Hi all,
Today I decided to upgrade my Testing version of Debian, which I haven't used in a while. I haven't figured out how to give sudo rights for APT to non-root members yet (irrelevant), and I forgot the root password. It's written down somewhere I don't have easy access to today, so I decided to try something I'd never done before and change it. I followed Google here:
http://aplawrence.com/Linux/lostlinuxpassword.html
I used init=/bin/bash with GRUB and mounted / and also /usr (to get passwd). When I wanted to shut down I also found I needed to mount /var. No problem, but I finally got an error message I couldn't get past:
Code:
# shutdown -h now
shutdown: timeout opening/writing control channel /dev/initctl
init: timeout opening/writing control channel /dev/initctl
I got the same error whether I used "
init 0" or "
init 6".
I also tried mounting more partitions, but nothing worked. I consulted a printed Linux manual and looked at my /etc/inittab, which was fairly opaque, and finally just used CtlAltDel, which worked.
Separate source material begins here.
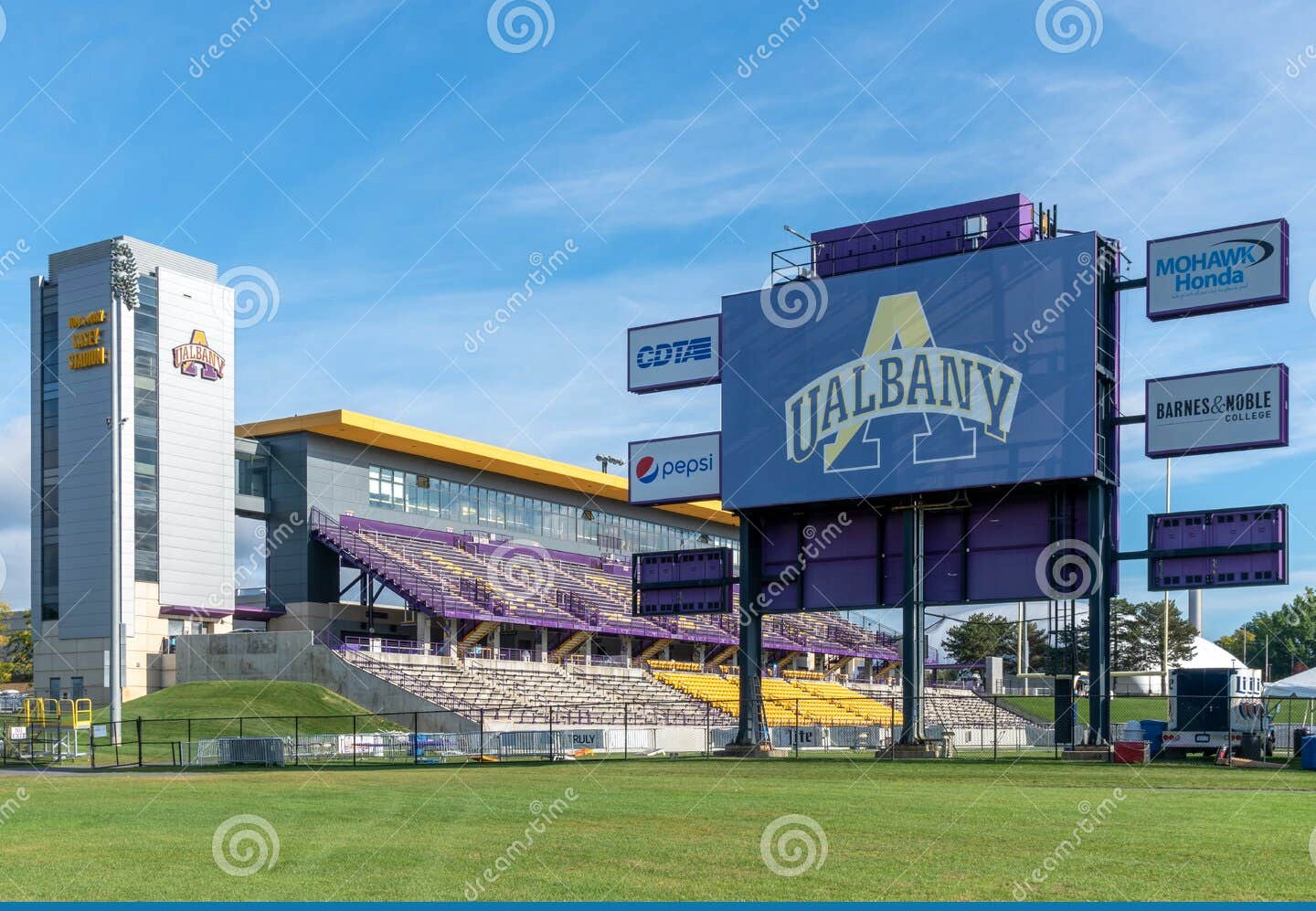 纽约州立大学奥尔巴尼分校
After searching for a bit on Google the discussions I find on initctl are not very clear to me. I understand that init starts all other processes and I understand from the linked article that by specifying init=/bin/bash to the kernel argument it "dumps me to a bash prompt much earlier than single user mode." I'm not sure, however, what the /dev/initctl is about.
According to
this LQ post, I need to init(ialize) init, but that still doesn't tell me what initctl is. Does anyone have a reasonably dumbed-down article for me to read, or care to quickly explain it?